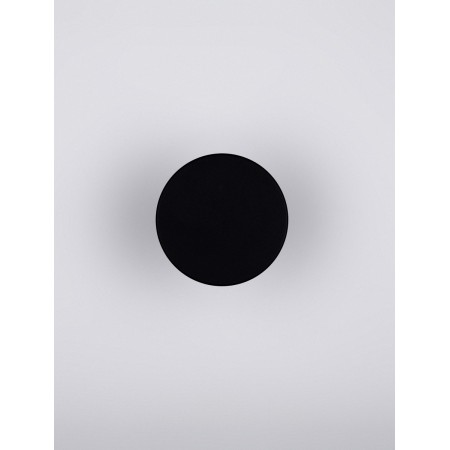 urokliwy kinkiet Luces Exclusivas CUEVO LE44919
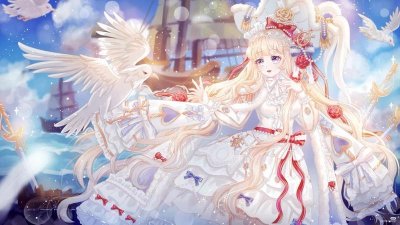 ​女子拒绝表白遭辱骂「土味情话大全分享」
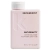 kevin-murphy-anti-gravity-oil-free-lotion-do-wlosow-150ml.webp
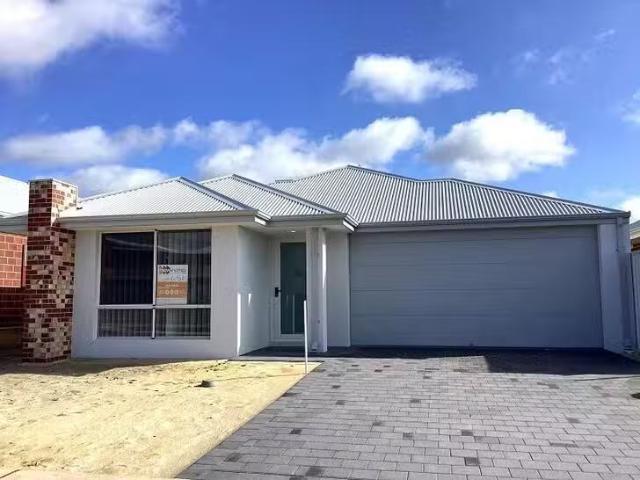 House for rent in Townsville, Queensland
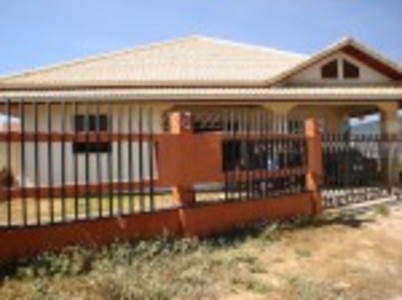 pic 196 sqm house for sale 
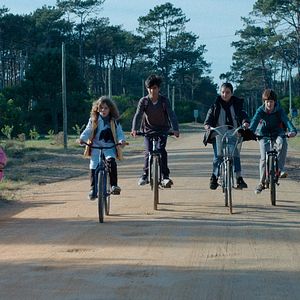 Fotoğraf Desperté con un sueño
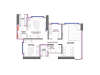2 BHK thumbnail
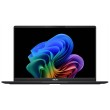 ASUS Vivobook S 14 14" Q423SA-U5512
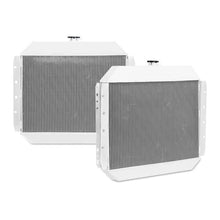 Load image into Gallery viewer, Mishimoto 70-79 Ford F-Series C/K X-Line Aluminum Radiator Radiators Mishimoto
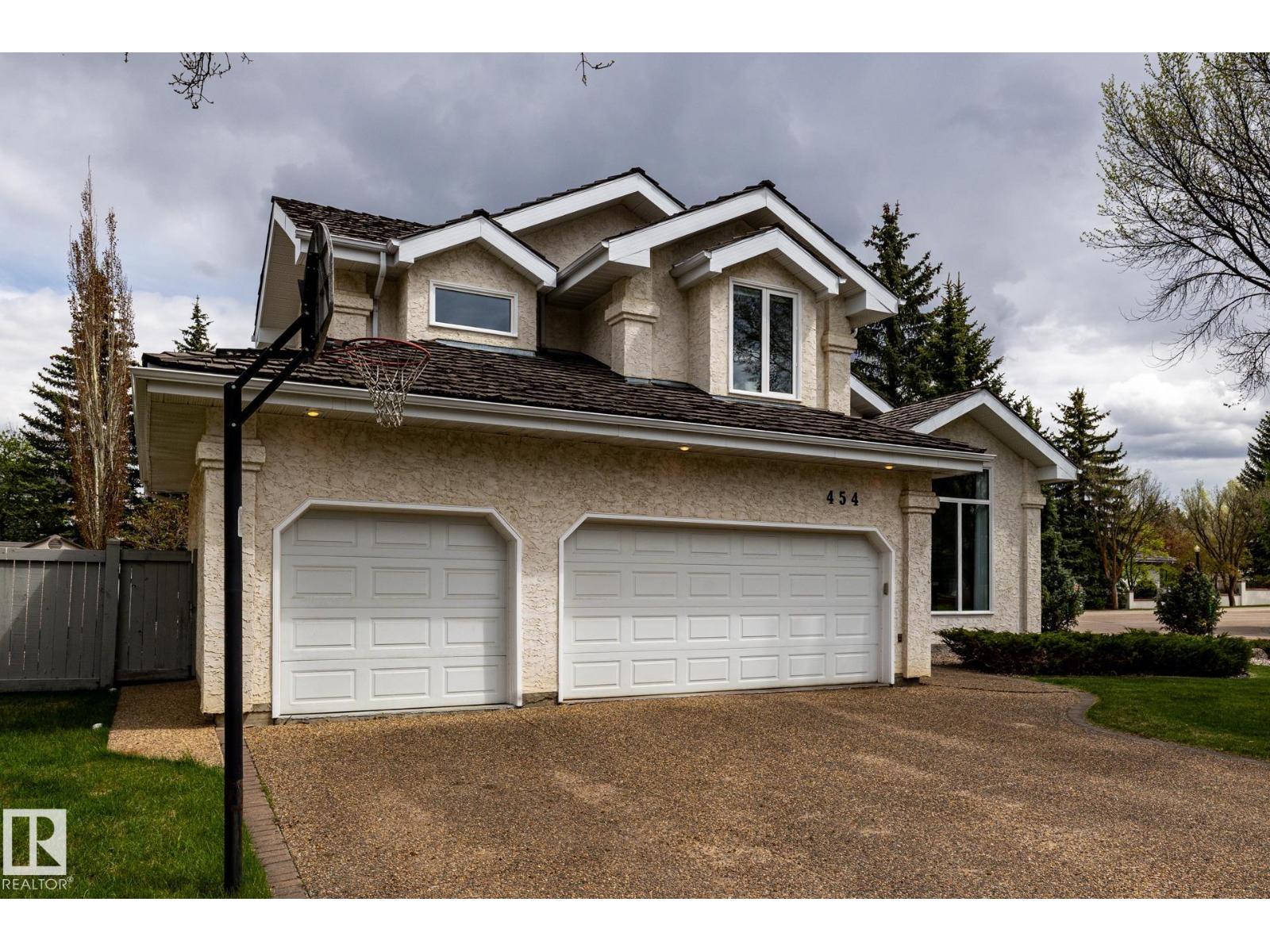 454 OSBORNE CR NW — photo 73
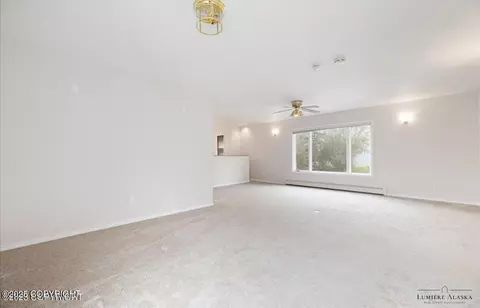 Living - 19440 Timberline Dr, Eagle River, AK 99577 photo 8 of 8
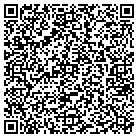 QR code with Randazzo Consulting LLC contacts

# # #

→ Task item
Print all of the records shown above exactly, leaving out each picture.

→ Answer area
 urokliwy kinkiet Luces Exclusivas CUEVO LE44919
 ​女子拒绝表白遭辱骂「土味情话大全分享」
 kevin-murphy-anti-gravity-oil-free-lotion-do-wlosow-150ml.webp
 House for rent in Townsville, Queensland
 pic 196 sqm house for sale 
 Fotoğraf Desperté con un sueño
2 BHK thumbnail
 ASUS Vivobook S 14 14" Q423SA-U5512
 Load image into Gallery viewer, Mishimoto 70-79 Ford F-Series C/K X-Line Aluminum Radiator Radiators Mishimoto
 454 OSBORNE CR NW — photo 73
 Living - 19440 Timberline Dr, Eagle River, AK 99577 photo 8 of 8
 QR code with Randazzo Consulting LLC contacts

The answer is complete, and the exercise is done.